▶ _EXERCISE REQUIREMENTS_
Pull from the data below each line where the word "Black" occurs, and copy it.

-------- DATA IN THIS EXERCISE

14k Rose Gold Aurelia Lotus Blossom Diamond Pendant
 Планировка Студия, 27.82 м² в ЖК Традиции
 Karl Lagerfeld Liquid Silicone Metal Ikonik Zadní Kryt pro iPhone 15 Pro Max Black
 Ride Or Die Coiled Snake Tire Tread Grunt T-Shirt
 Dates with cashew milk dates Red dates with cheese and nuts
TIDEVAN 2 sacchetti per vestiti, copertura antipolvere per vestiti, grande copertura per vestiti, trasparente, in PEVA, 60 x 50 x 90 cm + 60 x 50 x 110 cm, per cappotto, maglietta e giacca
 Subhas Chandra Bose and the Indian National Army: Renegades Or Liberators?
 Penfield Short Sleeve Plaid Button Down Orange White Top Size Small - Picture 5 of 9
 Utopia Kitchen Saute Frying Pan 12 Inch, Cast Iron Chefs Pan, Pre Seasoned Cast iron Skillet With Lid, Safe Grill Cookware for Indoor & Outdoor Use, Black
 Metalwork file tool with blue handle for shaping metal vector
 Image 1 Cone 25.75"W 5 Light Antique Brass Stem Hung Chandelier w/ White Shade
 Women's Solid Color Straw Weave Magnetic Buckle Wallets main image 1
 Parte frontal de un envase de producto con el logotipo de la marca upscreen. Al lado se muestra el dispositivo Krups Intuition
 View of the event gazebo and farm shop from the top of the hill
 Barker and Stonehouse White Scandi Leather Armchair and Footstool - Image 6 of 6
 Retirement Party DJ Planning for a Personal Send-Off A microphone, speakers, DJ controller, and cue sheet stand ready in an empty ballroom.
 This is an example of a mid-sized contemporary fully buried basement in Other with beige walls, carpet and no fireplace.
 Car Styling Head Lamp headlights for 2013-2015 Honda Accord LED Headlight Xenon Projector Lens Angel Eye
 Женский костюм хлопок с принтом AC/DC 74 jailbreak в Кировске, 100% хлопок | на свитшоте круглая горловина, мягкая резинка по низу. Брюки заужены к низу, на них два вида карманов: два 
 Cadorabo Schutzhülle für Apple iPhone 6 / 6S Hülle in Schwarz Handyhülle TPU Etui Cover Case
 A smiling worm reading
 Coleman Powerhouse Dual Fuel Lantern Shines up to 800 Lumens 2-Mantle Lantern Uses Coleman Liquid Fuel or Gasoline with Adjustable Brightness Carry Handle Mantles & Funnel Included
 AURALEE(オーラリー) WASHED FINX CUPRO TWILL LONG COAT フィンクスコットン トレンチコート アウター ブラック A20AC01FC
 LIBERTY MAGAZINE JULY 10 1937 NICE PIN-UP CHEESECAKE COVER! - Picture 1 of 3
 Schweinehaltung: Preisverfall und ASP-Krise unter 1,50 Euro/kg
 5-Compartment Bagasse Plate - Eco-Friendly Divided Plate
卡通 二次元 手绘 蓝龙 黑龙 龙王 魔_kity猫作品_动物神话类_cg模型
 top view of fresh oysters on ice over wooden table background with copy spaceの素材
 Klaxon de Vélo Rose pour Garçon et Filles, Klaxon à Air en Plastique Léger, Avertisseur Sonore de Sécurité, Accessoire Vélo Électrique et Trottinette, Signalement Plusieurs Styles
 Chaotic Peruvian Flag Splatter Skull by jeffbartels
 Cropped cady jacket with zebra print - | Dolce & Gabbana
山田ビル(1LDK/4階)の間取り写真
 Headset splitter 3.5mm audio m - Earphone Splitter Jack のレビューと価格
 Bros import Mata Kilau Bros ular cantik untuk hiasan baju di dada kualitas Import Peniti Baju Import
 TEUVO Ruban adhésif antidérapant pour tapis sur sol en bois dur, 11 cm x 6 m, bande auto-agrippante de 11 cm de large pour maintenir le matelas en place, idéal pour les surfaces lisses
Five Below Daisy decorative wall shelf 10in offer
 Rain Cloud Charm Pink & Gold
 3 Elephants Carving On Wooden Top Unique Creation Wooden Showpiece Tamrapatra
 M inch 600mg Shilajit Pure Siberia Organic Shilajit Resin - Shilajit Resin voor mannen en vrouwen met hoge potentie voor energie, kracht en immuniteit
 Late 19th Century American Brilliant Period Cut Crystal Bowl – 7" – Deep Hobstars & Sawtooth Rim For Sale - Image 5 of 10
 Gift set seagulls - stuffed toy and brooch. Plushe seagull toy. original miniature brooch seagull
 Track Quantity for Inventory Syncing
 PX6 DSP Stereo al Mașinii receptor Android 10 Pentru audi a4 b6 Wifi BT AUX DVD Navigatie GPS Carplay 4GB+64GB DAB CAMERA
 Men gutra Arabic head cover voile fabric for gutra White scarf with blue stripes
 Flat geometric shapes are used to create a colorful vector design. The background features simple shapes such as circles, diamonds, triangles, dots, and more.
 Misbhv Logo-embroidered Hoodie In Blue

----------------

▶ _RESPONSE FOR THIS EXERCISE_
 Karl Lagerfeld Liquid Silicone Metal Ikonik Zadní Kryt pro iPhone 15 Pro Max Black
 Utopia Kitchen Saute Frying Pan 12 Inch, Cast Iron Chefs Pan, Pre Seasoned Cast iron Skillet With Lid, Safe Grill Cookware for Indoor & Outdoor Use, Black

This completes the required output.